I was always obsessed with categorizing my genders in specific ways, sorting them into all these labeled boxes just so I could keep track of where they lie within the enormous galaxy of existing genders. To me, maverinity needed to fit into this system in order for it to feel like a tangible part of my identity - everything needed a name. For the maverine part of my identity, I viewed it as: Nonbinary, then abinary, then aporine, then outherine - broader terms into more specific terms. I needed to make sure my maverine identity was nested into a larger umbrella term which itself had an umbrella term of its own, and so on, just to solidify this part of me the same way I did with my aporagender identity. I knew my manhood was nonbinary, I knew my aporagender was neutral, so I needed to know where maverinity was supposed to be.

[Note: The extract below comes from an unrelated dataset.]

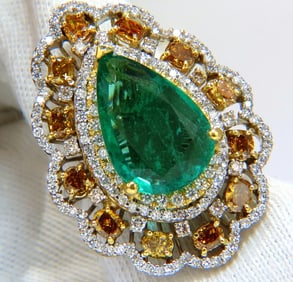 GIA Certified 12.77ct natural emerald fancy colors cocktail diamond ring 18kt+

Over time, it was clear that I was creating stringencies for a gender quality that is meant to represent freedom from governance, that isn’t meant to be forced into all these different categories. Maverinity is beautiful in that it often defines itself by redefining existing concepts, which is something I’d forgotten along the way. It reframes what already exists as part of my identity - in this case, my trans malehood. My malehood is being reframed to fit a better model than “masculine”, “feminine”, and “neutral” - I’ve never felt like I fit any of these parameters no matter which direction my transgender experience was moving.
Part of the maverine experience is also disidentification (also known as the para-maverinities.) This means that even if something technically falls within a certain category, it doesn’t have to. It’s similar to my being a transgender man, but not transmasculine - I deny the technical category of transmasculine because it simply doesn’t fit me. Maverinity never has to fall under the outherine umbrella if the person using the label doesn’t view it in that way. Maverinity can and should be allowed to exist on its own in a way that doesn’t into all these different categories, because its autonomous nature is an important part of what defines it. Both disidentification and recontextualization are part of that autonomous experience.

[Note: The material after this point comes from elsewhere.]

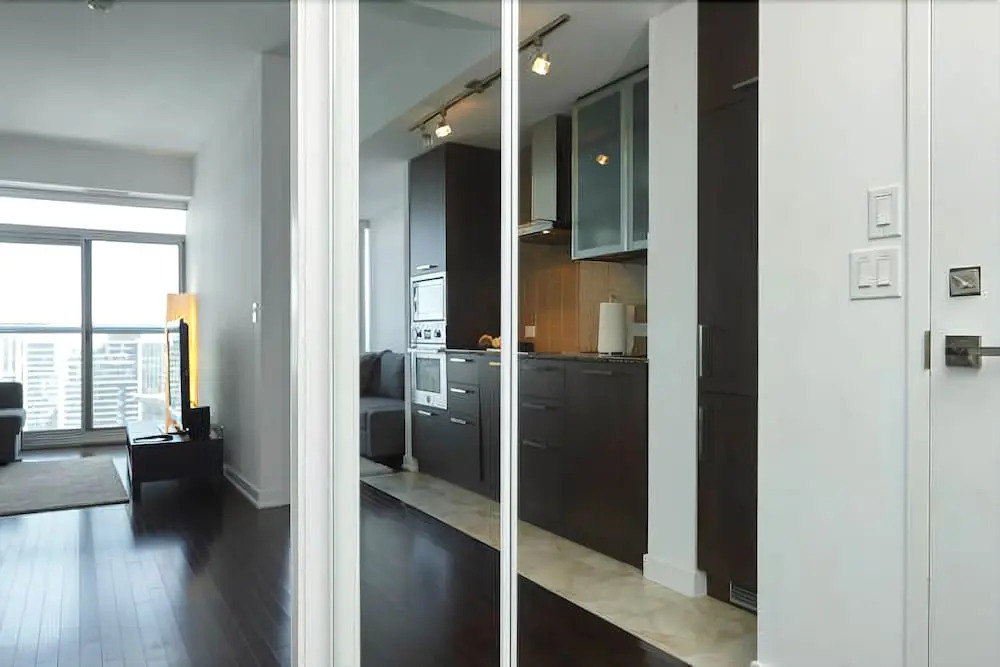 EG Suites - York St Condos 1 near CN Tower offered by Short Term Stays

Now, what I had failed to realize from the start was that on this list of outherinities that I was archiving, at the very bottom of the original post, maverinity is included. But, it’s included as something separate because while it can be outherine, it doesn’t have to be. Maverinity can be its own identity and just because there seems to be a place it might fit, some who use the label might find it more helpful to keep it out of all those categories and let it stand alone.
Maverinity, to me, is “other” but not “outher.” The only other way that I might describe it is aporine, which is something that I also view as “other” - in this context, I mean “other than the binary.” Because of this, otherness doesn’t feel so much like a category, and so it makes more sense to describe my gender and my transness as such - something other than the binary, something other than convention, something other than all these restrictive options I’ve been given. My transgender identity, tied to maverinity, carries the same kind of otherness that doesn’t fit in anywhere besides aporinity (and that’s only based on my personal view of what aporinity is - not a category, but a descriptor.)
My transness doesn’t feel like it needs a category. I can do what I want with it - whatever surgeries or hormones I want, whatever names I want to give it - but in the end, I define it in my own way rather than how other people expect me to define it. “Can’t be categorized” feels more fitting to me than “falls into a ton of these brand-new abinary categories.” I’m a transgender man, but that’s the gender that I am in the scope of transness - the quality of my transness doesn’t fall anywhere near the binary because of how autonomy pulls it far away from existing categories. Overall, I’m still nonbinary and I’m still a transgender man - those just happen to involve a lot of complex, interlocking layers that influence one another in very specific, maverine-leaning ways.
“Otherness” is not a bad concept when it is viewed as a loose way to opt out of categories. Plenty of people might feel like their gender is other and are comfortable there because there are no expectations of performance or conformity. I feel comfortable here in the othersphere because it’s a space I’ve carved out for myself that is shaped to fit my exact transgender experience, and I think a lot of nonbinary folks might benefit from seeing their gender in much the same way.